# Is a planet's escape speed the same speed as in a circular orbit around it?

I had this intuitive idea. An object shot upwards with the escape velocity must have the same velocity as the object has when it's in circular orbit at the same height as from where shot upwards starts.

So, if we consider a trajectory straight up, perpendicular to the, say, Earth's surface, with initial speed equal to the escape speed, and change the orbit from perpendicular initial velocity to initial parallel velocity, the trajectory becomes a circle, which essentially is escaping Earth!

Is my intuition right?

Let's test and see!

For a circular orbit, $$r$$ away from the planet's centre, all the centripetal acceleration is supplied by gravity:

$$$$\frac{mv^{2}}{r} = \frac{GMm}{r^{2}} \implies v^{2} = \frac{GM}{r}$$$$

where $$M$$ is the planet mass, $$m$$ is the mass of the orbiting object and $$v$$ is its speed.

On the other hand, if we are to escape the gravitational field of a planet then all the initial kinetic energy we give our body must be used to overcome the gravitational potential energy as we take the object to infinity:

$$$$\frac{1}{2}mv_{e}^{2} = \frac{GMm}{r} \implies v_{e}^{2} = \frac{2GM}{r}$$$$

where $$v_{e}$$ is the escape velocity.

If I've interpreted your question correctly, the answer is an unfortunate no (by a measly factor of $$\sqrt{2}$$, but a factor of $$\sqrt{2}$$ all the same.)

In celestial mechanics, escape velocity or escape speed is the minimum speed needed for a free, non-propelled object to escape from the gravitational influence of a primary body, thus reaching an infinite distance from it.

A circular orbit does not qualify. So escape velocity $$v_e$$ must be greater than the velocity required for a circular orbit $$v_o$$. In fact, you can show that

$$v_e = \sqrt 2 v_o$$

No, but you got close.

The escape velocity is $$v_e=\sqrt{2GM/r}$$ at height $$r$$. You get the factor 2 from the 1/2 in the expression of kinetic energy $$(1/2)mv^2$$ if you equate it to the gravitational potential.

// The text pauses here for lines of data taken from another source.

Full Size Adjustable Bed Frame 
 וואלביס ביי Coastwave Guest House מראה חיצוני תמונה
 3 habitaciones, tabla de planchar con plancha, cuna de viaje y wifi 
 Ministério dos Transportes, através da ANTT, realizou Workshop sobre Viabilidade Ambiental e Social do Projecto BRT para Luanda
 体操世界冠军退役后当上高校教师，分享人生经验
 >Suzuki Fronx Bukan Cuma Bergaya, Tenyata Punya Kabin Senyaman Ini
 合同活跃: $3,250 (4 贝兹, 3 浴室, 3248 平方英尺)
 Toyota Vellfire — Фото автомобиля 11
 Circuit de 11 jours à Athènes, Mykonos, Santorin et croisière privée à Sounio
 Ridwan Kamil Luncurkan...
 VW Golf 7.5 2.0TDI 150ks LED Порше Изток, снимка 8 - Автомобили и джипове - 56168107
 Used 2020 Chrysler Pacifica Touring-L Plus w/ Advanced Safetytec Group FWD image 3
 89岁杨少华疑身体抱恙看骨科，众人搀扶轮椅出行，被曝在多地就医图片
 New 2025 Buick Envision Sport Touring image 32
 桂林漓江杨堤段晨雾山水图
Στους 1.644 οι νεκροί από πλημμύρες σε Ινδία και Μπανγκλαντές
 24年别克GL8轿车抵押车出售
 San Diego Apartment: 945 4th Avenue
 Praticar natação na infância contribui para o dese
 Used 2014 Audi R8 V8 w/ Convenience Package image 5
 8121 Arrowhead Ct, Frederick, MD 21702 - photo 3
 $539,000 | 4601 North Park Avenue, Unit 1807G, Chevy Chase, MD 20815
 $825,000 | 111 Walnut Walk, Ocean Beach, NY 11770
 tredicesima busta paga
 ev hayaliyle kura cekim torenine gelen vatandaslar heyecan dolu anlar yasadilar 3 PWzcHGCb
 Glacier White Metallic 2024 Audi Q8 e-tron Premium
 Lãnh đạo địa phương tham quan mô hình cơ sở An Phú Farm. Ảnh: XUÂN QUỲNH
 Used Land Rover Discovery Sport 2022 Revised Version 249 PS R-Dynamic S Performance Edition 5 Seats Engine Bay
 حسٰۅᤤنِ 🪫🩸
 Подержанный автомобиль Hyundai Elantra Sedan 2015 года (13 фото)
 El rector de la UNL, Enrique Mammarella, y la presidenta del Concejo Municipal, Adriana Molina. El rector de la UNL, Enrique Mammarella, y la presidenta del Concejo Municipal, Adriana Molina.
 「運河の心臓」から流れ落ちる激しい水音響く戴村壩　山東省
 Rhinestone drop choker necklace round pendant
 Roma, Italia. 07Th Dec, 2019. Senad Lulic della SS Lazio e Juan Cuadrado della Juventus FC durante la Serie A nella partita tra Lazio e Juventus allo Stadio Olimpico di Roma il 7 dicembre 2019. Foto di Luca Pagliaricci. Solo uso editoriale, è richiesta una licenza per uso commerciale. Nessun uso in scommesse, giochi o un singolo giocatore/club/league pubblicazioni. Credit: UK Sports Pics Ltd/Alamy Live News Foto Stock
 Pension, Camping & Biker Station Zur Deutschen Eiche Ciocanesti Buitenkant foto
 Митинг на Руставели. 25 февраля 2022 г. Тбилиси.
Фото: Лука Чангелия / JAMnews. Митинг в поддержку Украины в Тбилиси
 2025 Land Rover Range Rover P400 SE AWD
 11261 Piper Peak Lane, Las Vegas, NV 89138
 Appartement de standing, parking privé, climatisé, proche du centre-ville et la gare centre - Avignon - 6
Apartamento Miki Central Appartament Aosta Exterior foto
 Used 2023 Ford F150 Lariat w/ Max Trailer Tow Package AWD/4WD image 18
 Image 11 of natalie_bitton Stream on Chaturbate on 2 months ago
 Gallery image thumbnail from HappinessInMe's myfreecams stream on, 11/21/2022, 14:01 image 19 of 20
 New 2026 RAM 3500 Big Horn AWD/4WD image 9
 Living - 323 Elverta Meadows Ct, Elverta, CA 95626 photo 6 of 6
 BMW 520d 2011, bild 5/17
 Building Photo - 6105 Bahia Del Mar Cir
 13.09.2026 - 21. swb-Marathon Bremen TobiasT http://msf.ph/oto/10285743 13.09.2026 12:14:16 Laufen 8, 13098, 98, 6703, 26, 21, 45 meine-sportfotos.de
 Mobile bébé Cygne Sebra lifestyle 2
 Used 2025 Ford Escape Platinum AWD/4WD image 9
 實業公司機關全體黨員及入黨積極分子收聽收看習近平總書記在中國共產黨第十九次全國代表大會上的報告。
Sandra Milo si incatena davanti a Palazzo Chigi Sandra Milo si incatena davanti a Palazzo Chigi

The orbital speed of a circular orbit is $$v_o = \sqrt{GM/r}$$. So $$v_e/v_0 = \sqrt{2}$$: you need to go faster than orbital speed to escape.

This is not strange: imagine that you just instantaneously speed up a bit when in a circular orbit. You will now have an elliptic orbit with a longer semimajor axis, but a perigee where you turned on your engine. To escape to infinity you would need to add some velocity so the apogee diverges to infinity.

• Very clear! Especially the increasing of the speed! The Earth then becomes one of the two foci of an ellipse, which turns to a parabola, if you know what I mean? May 31, 2022 at 14:52

Here is a fun fact worth mentioning here:

Imagine you drill a hole all the way through the earth, passing through the center. By physics magic you evacuate the resulting tunnel and, standing near one end of the tunnel, you drop a bowling ball in. It falls freely through the earth, accelerating towards the center and then decelerating all the way up to the other end on the other side of the earth. It then stops, and begins falling back down the tunnel to eventually reappear at your end.

The period of oscillation of the bowling ball is the same as the orbital period of the bowling ball if it were instead fired sideways into an orbit with a radius equal to the earth's radius! We ignore air friction, of course, declare victory, and head out for a beer.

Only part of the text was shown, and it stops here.